Directions for this task ::
Reproduce the data in full, exactly.

Supplied data ::
____________

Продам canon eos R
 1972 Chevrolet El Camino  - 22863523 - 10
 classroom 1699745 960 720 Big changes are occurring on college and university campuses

____________

Exercise answer ::
Продам canon eos R
 1972 Chevrolet El Camino  - 22863523 - 10
 classroom 1699745 960 720 Big changes are occurring on college and university campuses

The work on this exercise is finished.